● **Data segment**:
--

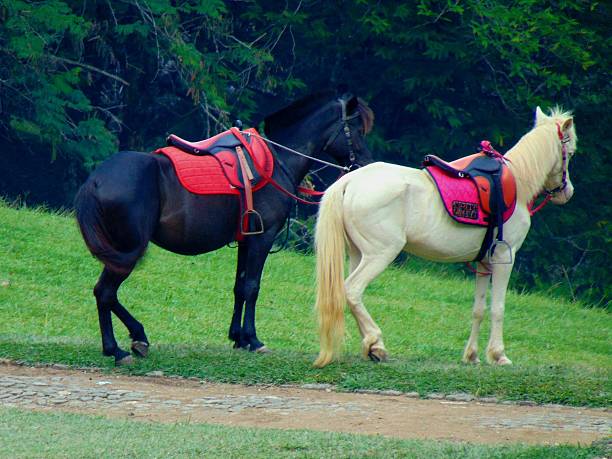 Horses for Equestrianism
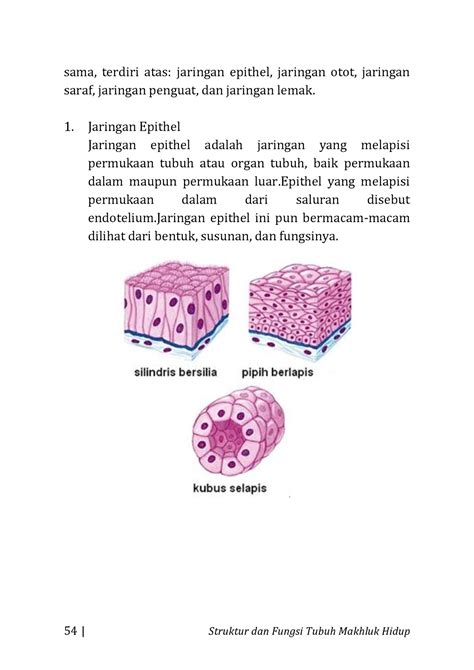 Buku Biologi Dasar Terintegrasi 16 54 Struktur Dan Fungsi Tubuh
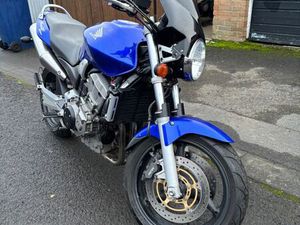 HONDA, HORNET CB919 (CC)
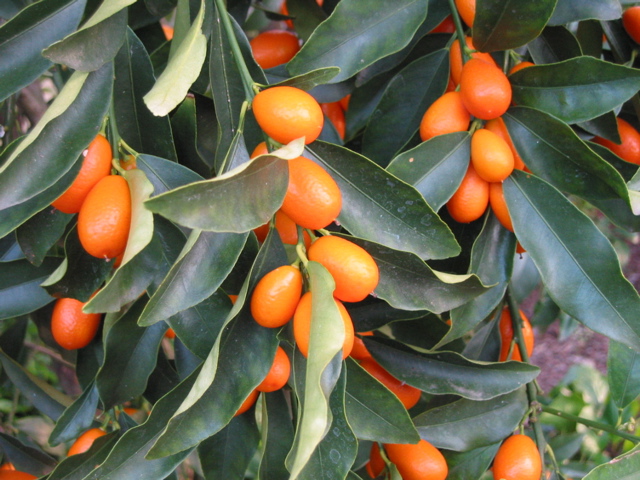 Citrus, kumquat 'Nagami'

--

● **What you should do**: Restate the whole listing above exactly, please, omitting every image.

● **Expected answer**:
 Horses for Equestrianism
 Buku Biologi Dasar Terintegrasi 16 54 Struktur Dan Fungsi Tubuh
 HONDA, HORNET CB919 (CC)
 Citrus, kumquat 'Nagami'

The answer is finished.